Like Mexico, Venezuela has a presidential election next year in which Chavez's organized crime war is going to be a key issue for voters. Every poll in Venezuela shows that security and crime are the top concerns of the population, even more than questions about economics or democratic institutions. And like Mexico, there are serious questions over whether the current president or any of the candidates have a strategy to win that conflict or change its nature.
None of the major candidates in either country is proposing a radical shift such as legalization of drug trafficking, negotiation with criminal networks, or an even bigger war against the criminal organizations. Most of the strategies proposed by government and opposition candidates in both countries are fairly similar to the status quo with some changes around the edges (though Venezuela's opposition would likely renew its cooperation with the US).
If Chavez wins reelection, the security situation will likely continue to deteriorate as it has over the past decade. He's not promising anything different and his current health situation appears to have distracted his attention even more. That's a troubling situation for Venezuela's population, which faces the effects of the violent crime directly, as well as for the hemisphere, where Venezuela is a key energy exporter and political player.

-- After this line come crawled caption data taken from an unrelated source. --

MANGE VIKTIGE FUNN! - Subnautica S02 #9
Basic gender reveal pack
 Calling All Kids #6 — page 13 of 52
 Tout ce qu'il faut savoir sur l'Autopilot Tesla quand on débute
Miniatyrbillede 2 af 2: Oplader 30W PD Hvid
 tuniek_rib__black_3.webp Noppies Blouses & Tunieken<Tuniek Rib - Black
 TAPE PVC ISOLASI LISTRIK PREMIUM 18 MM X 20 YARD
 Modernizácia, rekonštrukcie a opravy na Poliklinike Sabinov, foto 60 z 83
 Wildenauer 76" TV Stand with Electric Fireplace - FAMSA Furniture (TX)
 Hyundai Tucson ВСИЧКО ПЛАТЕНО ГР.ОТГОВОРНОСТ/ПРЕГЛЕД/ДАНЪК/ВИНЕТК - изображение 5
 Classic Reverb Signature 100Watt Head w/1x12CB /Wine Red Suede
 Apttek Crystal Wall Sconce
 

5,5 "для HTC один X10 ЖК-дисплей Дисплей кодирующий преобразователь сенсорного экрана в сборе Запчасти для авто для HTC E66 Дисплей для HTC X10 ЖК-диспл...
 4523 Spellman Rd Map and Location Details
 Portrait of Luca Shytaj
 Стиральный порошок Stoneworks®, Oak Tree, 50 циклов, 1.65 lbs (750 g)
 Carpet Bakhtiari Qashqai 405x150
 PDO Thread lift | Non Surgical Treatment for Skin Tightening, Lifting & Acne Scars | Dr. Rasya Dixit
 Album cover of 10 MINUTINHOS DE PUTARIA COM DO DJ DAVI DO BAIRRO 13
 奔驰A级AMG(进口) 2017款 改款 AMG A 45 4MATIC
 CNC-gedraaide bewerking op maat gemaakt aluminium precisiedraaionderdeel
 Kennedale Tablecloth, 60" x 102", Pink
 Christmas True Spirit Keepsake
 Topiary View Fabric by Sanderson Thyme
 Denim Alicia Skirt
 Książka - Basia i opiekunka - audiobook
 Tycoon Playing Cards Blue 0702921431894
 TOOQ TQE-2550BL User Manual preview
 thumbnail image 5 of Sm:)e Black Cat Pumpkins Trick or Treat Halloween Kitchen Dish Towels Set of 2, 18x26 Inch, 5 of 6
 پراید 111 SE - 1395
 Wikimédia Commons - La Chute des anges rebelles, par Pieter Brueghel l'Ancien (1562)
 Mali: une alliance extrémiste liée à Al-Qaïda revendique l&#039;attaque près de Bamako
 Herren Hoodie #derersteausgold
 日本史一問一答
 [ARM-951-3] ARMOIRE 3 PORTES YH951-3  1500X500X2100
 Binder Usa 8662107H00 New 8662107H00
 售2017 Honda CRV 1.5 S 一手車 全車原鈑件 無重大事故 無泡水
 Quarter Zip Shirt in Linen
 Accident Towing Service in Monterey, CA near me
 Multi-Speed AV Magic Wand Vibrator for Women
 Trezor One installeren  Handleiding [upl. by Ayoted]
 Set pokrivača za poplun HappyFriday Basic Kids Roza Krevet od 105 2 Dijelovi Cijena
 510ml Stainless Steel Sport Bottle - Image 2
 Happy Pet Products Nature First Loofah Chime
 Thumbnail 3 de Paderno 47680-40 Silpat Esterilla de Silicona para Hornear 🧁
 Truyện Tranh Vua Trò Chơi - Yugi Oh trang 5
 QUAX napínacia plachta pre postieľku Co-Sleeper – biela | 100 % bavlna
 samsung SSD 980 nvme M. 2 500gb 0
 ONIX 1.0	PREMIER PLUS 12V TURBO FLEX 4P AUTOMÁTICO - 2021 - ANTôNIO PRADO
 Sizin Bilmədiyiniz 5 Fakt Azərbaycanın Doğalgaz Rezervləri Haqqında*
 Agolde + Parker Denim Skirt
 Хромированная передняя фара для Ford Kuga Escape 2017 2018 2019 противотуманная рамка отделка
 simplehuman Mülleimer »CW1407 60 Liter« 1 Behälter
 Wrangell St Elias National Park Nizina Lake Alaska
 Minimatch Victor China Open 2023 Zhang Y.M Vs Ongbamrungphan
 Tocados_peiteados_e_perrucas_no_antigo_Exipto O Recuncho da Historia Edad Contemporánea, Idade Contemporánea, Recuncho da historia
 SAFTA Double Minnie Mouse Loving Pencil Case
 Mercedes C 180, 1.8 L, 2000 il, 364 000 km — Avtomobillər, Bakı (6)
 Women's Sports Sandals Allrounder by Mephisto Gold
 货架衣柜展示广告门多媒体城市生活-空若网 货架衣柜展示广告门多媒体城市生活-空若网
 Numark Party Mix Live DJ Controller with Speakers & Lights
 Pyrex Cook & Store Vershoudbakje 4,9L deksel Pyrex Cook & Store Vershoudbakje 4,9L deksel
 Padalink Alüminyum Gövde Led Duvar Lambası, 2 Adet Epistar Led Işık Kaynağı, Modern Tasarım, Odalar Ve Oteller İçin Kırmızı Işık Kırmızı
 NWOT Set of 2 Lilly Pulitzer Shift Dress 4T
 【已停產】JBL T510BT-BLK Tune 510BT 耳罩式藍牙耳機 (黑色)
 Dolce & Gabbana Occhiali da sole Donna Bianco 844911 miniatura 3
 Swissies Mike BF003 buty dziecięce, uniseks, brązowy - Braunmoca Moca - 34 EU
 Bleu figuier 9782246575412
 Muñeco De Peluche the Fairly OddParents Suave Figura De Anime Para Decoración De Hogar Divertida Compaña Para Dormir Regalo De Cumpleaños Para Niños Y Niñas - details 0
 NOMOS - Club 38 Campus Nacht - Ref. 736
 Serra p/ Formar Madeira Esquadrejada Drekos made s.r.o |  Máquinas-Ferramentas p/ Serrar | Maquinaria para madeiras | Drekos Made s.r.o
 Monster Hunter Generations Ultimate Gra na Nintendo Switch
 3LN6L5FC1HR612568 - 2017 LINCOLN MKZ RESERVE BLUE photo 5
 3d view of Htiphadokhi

For Chavez's opponents, like Calderon's opponents, if they manage to win the election they will inherit a conflict against organized crime whether they make it a top issue or not. Violence associated with crime and drug trafficking will continue in Venezuela. Armed violent groups in both rural areas and the major cities will threaten the stability of the country. They will have to make tough decisions about how to utilize the military or civilian security forces to combat the criminals. They will also need to invest significantly in strengthening institutions to eventually stop the violence. This is a security challenge that will make fixing a post-Chavez Venezuela much more difficult.